Instructions to follow. In the records below, reproduce exactly the lines from the one containing "Father and son use computer" through the one containing "A bedroom with a bed, dresser, and mirror.", both included, and omit the pictures.

Material for the task.
--

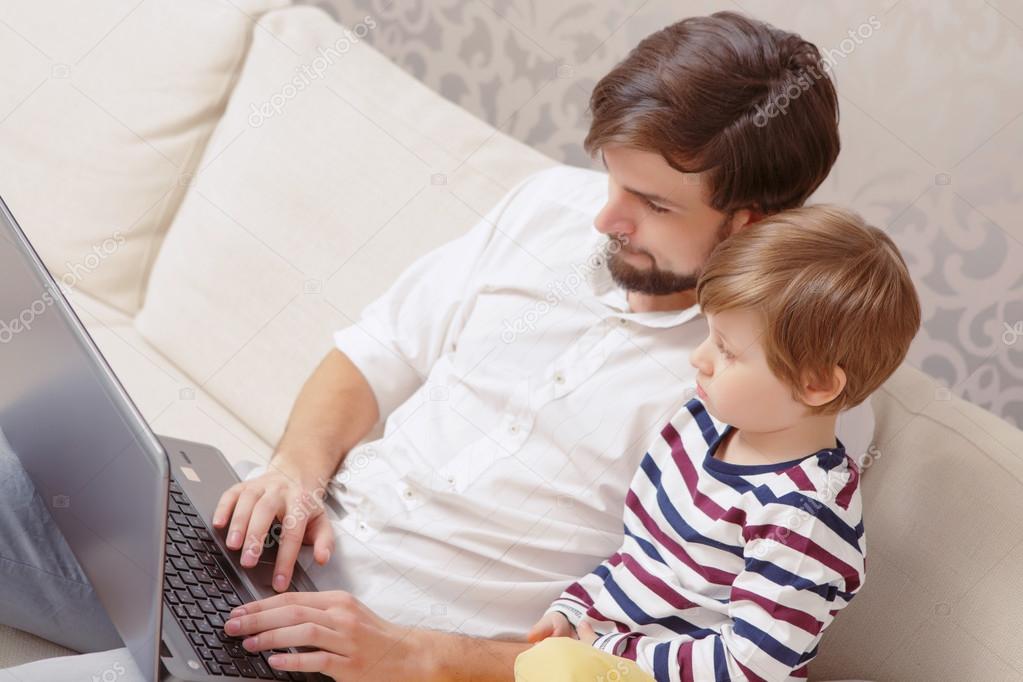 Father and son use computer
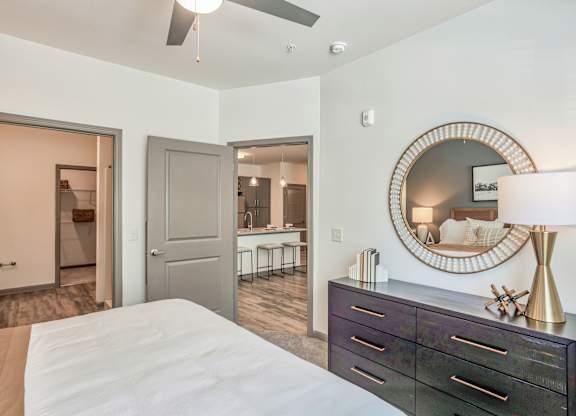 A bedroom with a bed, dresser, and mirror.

--

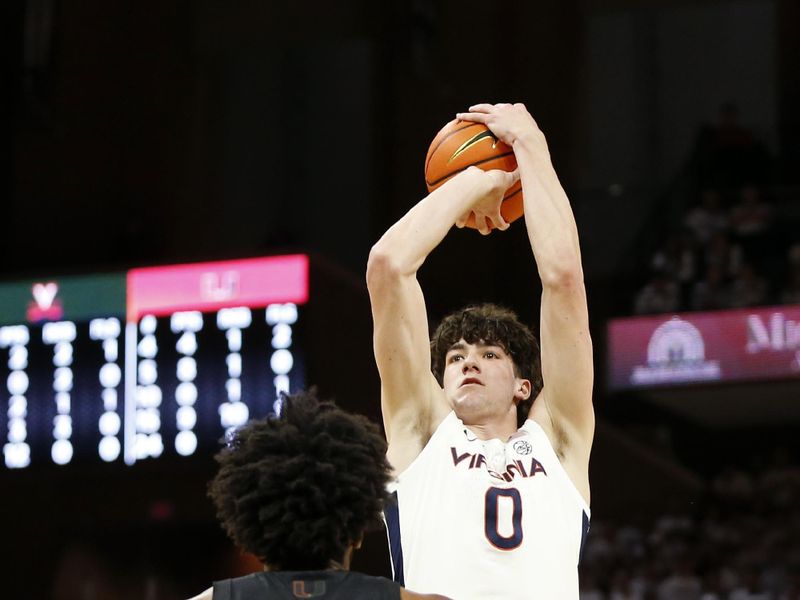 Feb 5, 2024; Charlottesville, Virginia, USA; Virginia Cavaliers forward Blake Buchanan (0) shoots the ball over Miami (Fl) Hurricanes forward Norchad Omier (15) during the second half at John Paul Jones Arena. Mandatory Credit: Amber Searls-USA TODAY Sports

--

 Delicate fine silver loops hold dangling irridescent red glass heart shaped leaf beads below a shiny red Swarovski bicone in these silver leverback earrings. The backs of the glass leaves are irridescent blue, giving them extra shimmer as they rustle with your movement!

--

Worked solution.
 Father and son use computer
 A bedroom with a bed, dresser, and mirror.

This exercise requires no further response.